I also have an Ariete and if I warm up for less than 30 minutes I am guaranteed a sour shot.


----------



## Mister_Tad

I can confirm a Wemo Insight works with an Ariete/Cherub without melting, exploding or burning down your house. I always give it around 40 minutes to warm up before the first shot and leave it on all day.

I've read a couple of reports with regards to the non-insight Wemo switch ending up dead under max load (I've seen mine at 3150w, so when I say max, I mean it!), so worth a consideration. The insight model also gives you the peace of mind to know that even leaving it on all day most days of the week, it's still only costing you £2-3/month


----------



## Xpenno

Yeah, e61 are 30-40 mins depending on room temp.

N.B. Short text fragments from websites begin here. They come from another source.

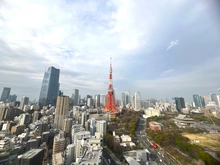 【東京都/港区三田】サンウッド三田パークサイドタワー 
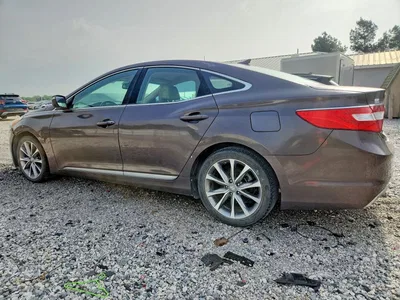 2016 HYUNDAI AZERA BASE, фото 2, лот 10734909
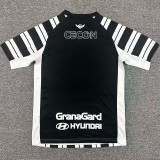 25-26 Club Libertad Home Fans Soccer Jersey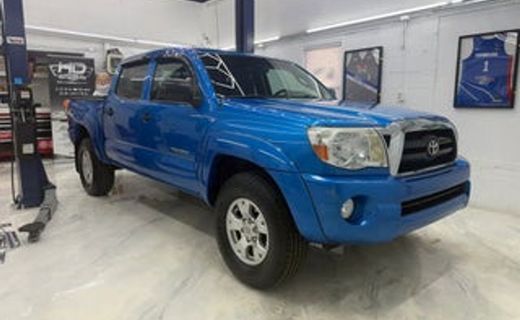 2008 Toyota Tacoma Deluxe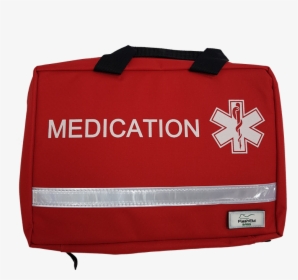 Flashpoint Medication Bag - Medical Bag Png, Transparent Png, Transparent PNG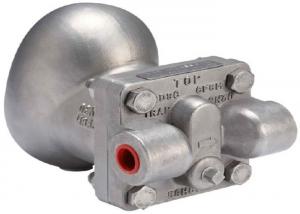 China FSS5 Model CF8M Float Ball Type Steam Trap Stainless Steel Material on sale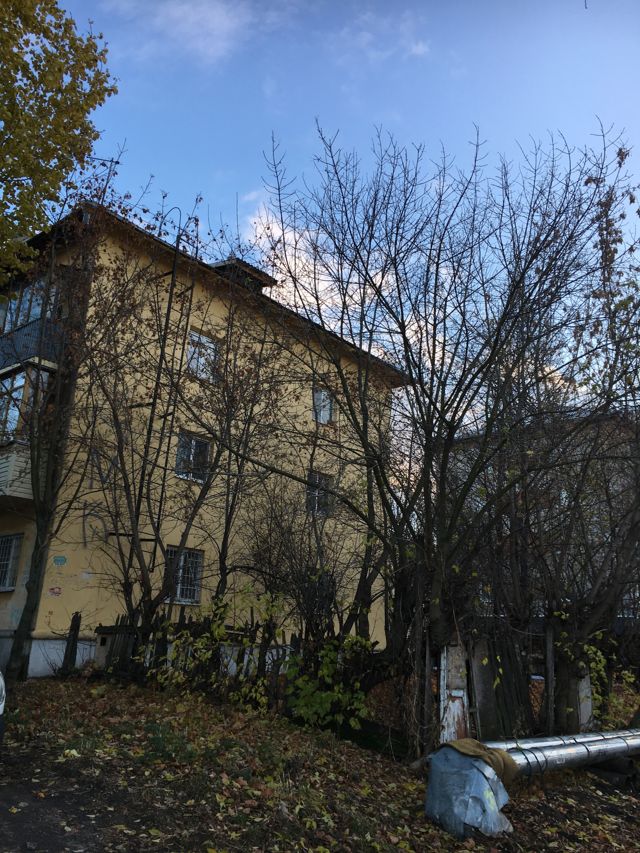 Панорама дома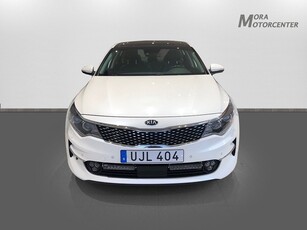 Kia Optima 1.7 VGT DCT Advance plus panorama | Vinterhjul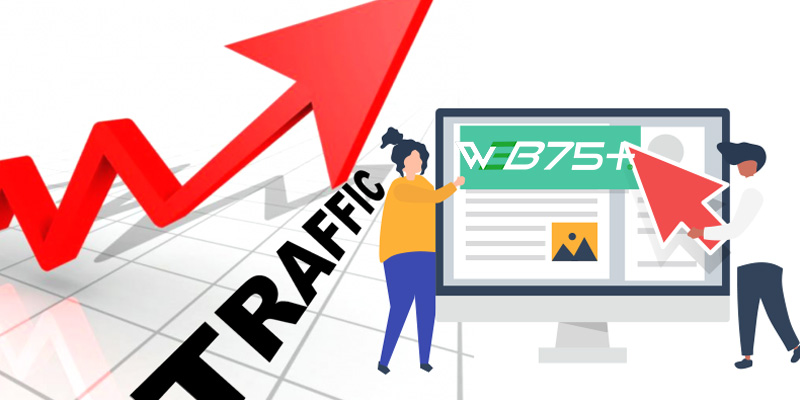 Cách tăng traffic cho website đơn giản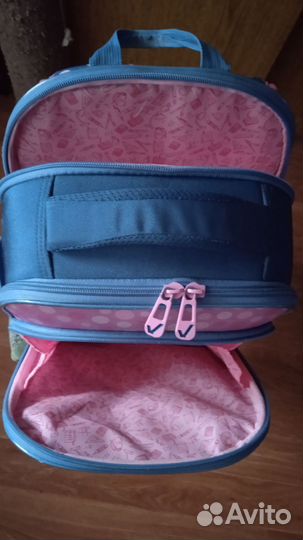 Ранец школьный для девочки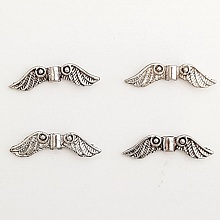 Breloques Ailes N°05 Argent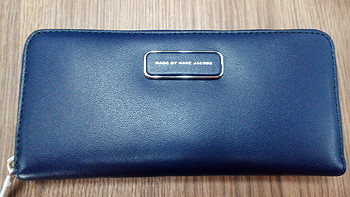 美亚直邮 Marc by Marc Jacobs Ligero Slim Zip Around 女士钱包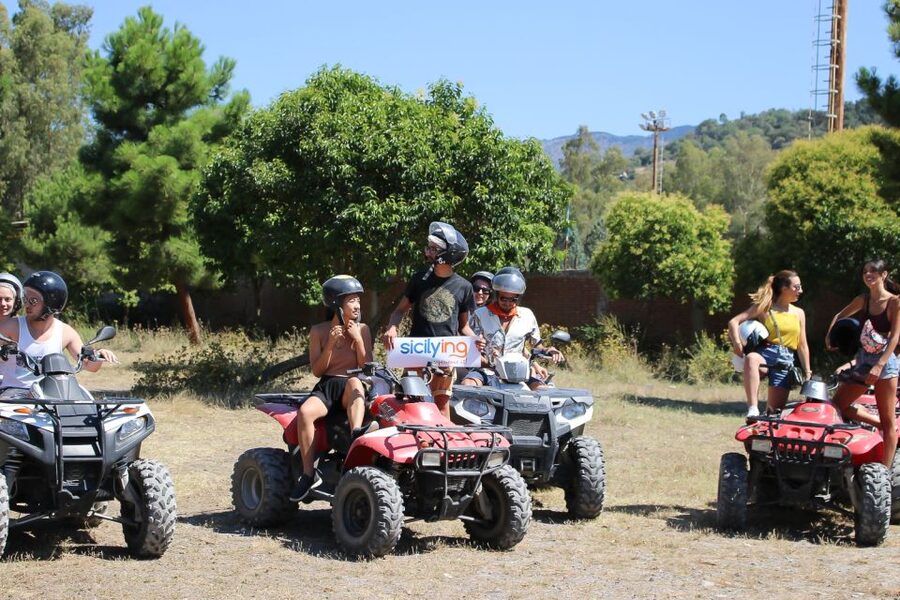 From Taormina: Off-Road ATV Tour Alcantara & Mount Etna - Should you book it?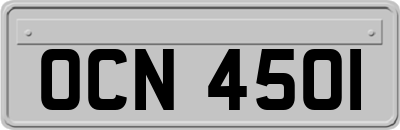 OCN4501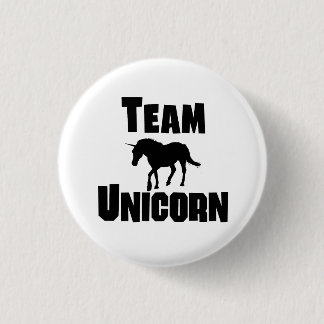 Team Unicorn Ronde Button 3,2 Cm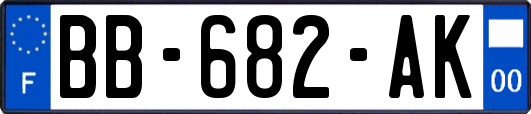 BB-682-AK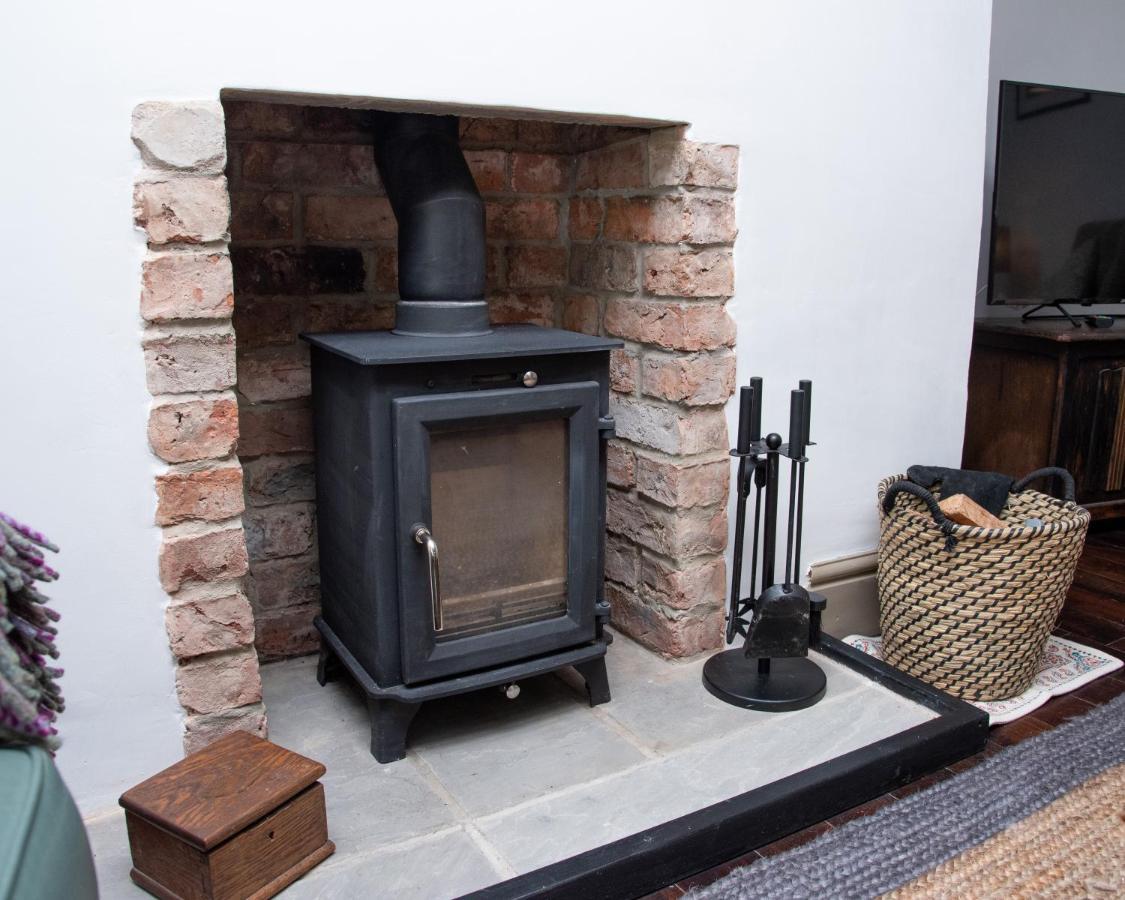 Work And Relax - Fast Wifi, Fireplace & Near Pub Ньютон Эйклиф Экстерьер фото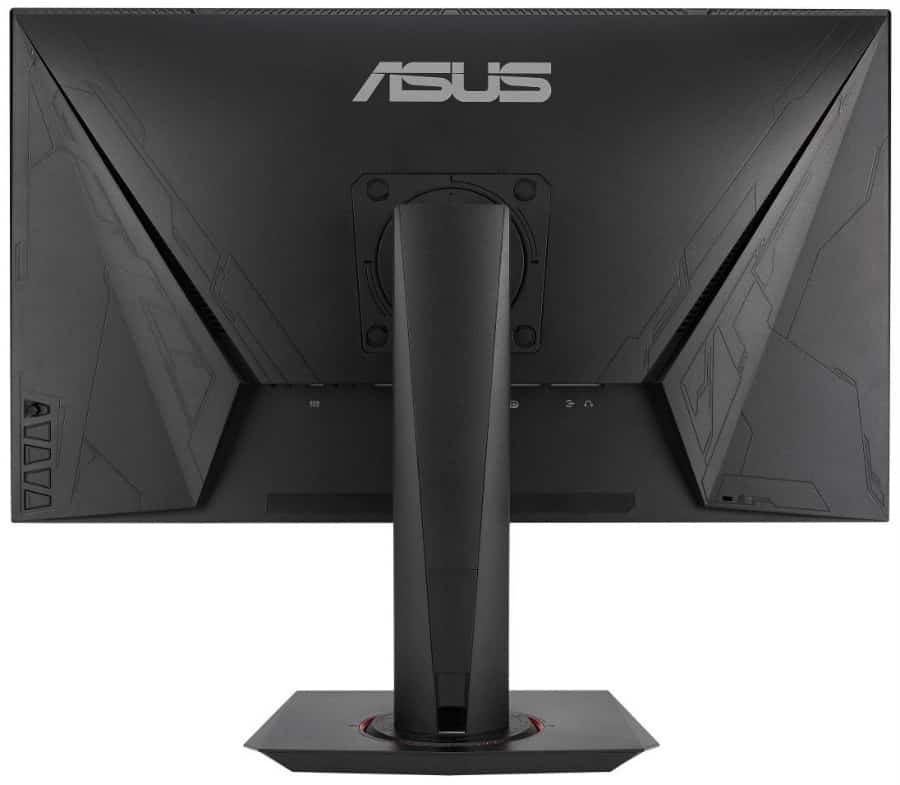 Asus VG278Q input lag
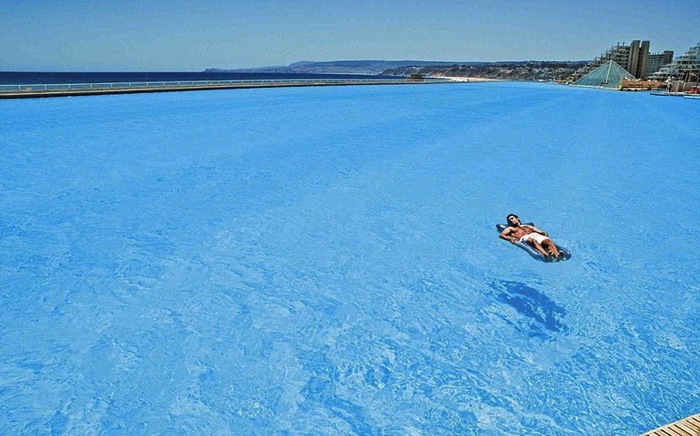 Самый длинный бассейн в мире1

You can speed it up by laying a cloth over the group and also flushing a few times once the brew boiler is up to temp.


----------



## jamster

A rather belated thanks to everyone on this thread. I managed to strike it lucky with the recent Sage DB discount and so that has solved my warm up time problem. The Cherub has found a wonderful new home thanks to these very forums. I had it up and running yesterday to demo it before it went to its new home, and it was running all day and made some lovely shots. Warm up time is key, it seems.


----------



## UncleJake

"it does look nice there" as the missus arrives downstairs this morning.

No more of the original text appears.